The Second Circuit has long held that nondebtor releases are proper only in rare cases where the injunction plays an important part in the debtor’s reorganization plan. See SEC v. Drexel Burnham Lambert Group, Inc. (In re Drexel Burnham Lambert Group, Inc.), 960 F.2d 285 (2d Cir. 1992). The Ninth and Tenth Circuits have gone still further, holding that nondebtor releases are prohibited by the Bankruptcy Code, except in the asbestos context. See Resorts Int’l, Inc. v. Lowenschuss (In re Lowenschuss), 67 F.3d 1394, 1401-02, 1402 n.6 (9th Cir. 1995); Landsing Diversified Props.-II v. First Nat’l Bank and Trust Co. of Tulsa (In re W. Real Estate Fund, Inc.), 92 F.2d 592, 600-02 (10th Cir. 1990) (per curiam).

In the Metromedia case, the debtors’ confirmed Chapter 11 plan included provisions that the Second Circuit Court of Appeals held improperly shielded certain nondebtors from suit by creditors. (The provisions in question provided that certain insiders would "receive a full and complete release, waiver and discharge from… all claims, obligations, rights, causes of action and liabilities" related in any way to the debtors and based on any pre-Effective Date act or transaction.) The provisions were supported only by a finding that the insiders had made "material contributions" to the estate. Among other things, there was no finding or evidence that the release was itself important to the Plan, which is what Drexel Burnham at a minimum requires. The findings were insufficient.

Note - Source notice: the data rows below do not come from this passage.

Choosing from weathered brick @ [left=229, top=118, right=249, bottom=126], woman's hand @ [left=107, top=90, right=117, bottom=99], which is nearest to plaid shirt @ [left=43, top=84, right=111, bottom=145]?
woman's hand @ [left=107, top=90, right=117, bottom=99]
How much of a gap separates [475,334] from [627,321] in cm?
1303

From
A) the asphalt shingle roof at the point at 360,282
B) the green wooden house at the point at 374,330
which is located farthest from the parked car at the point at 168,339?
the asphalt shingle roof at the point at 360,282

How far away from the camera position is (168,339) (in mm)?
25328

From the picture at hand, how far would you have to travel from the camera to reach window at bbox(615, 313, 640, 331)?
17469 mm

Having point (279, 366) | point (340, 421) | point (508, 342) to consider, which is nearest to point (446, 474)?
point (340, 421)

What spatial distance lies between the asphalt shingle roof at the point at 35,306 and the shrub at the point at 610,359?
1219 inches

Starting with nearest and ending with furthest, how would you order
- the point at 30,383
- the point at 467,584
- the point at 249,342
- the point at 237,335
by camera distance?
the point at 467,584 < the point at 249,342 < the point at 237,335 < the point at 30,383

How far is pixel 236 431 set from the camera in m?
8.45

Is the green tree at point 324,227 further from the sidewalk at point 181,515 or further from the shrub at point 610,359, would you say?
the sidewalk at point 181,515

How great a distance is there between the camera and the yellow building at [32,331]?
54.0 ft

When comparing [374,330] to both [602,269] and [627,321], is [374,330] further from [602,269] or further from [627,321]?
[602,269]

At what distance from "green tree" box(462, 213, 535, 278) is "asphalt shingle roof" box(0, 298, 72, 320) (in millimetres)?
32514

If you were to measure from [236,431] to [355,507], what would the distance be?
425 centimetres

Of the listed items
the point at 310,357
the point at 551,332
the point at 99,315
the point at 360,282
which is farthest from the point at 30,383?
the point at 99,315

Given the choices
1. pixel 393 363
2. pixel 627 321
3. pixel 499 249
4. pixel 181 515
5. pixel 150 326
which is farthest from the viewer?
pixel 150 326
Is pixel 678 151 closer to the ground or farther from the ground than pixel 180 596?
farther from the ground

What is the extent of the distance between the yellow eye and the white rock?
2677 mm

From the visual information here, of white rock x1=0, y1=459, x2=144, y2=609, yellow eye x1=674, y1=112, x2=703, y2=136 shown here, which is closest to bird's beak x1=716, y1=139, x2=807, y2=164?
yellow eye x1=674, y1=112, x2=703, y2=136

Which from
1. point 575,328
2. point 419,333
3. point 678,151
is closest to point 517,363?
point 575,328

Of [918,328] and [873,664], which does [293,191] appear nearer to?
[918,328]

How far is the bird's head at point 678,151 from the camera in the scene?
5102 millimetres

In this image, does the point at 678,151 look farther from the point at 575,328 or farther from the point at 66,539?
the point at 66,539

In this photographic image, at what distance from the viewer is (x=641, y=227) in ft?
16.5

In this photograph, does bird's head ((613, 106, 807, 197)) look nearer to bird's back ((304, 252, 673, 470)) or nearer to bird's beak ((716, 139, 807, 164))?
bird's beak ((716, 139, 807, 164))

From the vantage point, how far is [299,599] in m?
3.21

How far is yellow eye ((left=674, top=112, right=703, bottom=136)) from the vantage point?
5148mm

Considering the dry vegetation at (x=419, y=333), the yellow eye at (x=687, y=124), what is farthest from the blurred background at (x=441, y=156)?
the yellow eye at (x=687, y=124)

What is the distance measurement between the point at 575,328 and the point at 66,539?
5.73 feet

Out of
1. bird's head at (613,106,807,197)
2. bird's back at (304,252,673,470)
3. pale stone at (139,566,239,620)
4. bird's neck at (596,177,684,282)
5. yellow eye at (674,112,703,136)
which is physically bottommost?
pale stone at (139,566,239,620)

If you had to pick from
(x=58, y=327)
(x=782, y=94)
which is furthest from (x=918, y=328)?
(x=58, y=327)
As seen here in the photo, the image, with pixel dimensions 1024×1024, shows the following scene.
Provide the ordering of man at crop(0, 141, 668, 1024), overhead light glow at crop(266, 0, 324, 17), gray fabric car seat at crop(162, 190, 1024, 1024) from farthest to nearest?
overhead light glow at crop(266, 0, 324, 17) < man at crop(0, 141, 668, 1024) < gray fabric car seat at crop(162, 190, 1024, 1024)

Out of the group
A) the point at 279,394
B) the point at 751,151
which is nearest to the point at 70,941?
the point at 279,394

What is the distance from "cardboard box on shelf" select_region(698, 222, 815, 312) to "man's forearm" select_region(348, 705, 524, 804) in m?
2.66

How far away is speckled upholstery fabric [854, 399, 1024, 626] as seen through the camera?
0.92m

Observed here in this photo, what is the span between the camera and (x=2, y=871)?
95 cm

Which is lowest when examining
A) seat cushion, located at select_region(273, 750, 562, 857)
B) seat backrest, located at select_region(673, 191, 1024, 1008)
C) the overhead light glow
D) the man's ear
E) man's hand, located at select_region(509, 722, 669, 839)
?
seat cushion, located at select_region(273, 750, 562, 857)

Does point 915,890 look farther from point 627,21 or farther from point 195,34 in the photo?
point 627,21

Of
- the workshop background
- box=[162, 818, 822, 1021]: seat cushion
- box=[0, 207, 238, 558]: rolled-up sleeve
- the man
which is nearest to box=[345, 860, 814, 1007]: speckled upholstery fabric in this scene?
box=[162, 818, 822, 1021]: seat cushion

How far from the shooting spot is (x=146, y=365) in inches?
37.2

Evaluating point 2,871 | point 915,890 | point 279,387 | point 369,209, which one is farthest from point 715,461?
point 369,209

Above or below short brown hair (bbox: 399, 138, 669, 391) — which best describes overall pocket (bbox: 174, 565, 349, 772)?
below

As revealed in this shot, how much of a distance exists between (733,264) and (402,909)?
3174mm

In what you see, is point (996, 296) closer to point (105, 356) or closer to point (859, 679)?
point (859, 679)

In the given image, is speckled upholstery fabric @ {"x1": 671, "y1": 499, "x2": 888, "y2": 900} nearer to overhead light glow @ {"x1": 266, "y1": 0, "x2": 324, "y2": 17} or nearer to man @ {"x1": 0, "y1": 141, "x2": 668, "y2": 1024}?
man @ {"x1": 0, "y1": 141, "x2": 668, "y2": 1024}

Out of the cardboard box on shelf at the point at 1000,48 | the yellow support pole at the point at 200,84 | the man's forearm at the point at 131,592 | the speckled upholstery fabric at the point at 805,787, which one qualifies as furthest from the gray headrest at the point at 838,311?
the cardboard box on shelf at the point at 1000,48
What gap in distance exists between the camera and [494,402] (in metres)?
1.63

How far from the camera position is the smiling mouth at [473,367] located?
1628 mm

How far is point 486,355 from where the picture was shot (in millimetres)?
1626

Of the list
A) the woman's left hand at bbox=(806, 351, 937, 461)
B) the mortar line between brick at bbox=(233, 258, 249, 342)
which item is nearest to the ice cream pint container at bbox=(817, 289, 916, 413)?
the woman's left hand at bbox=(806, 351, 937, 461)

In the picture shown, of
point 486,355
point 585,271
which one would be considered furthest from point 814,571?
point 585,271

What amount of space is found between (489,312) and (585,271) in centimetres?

Certain creditors appealed, and the district court indicated that relief (if justified on the merits) would not be barred by the doctrine of equitable mootness because effective relief could be afforded without "unraveling the Plan."  Citing the district court’s findings, the appellants did not seek a stay of the confirmation order pending their appeal. While the Second Circuit noted that insufficient findings with respect to the nondebtor releases would ordinarily be remedied by remand to the bankruptcy court, it affirmed the confirmation order because it determined that the appeal had been rendered equitably moot. The Second Circuit reasoned that, when a plan has been substantially consummated, an appeal should be dismissed unless several enumerated requirements are satisfied. A chief consideration is whether a stay is sought, in which case relief will be afforded if it is at all feasible. But if the appellant fails to seek a stay, the court will consider additionally whether that failure renders relief inequitable. In other words, the Second Circuit will "insist that a party seek a stay even if it may seem highly unlikely that the bankruptcy court will issue one." Here, the appellants sought neither a stay nor expedited review. The Second Circuit expressed skepticism as to whether effective relief could truly be fashioned without causing damage to the Plan, as the district court had suggested. But even if it were possible, the Court declined to grant relief to the appellants because, having sought no stay of the confirmation order (and no expedited appeal), the appellants bear the burden of any uncertainty.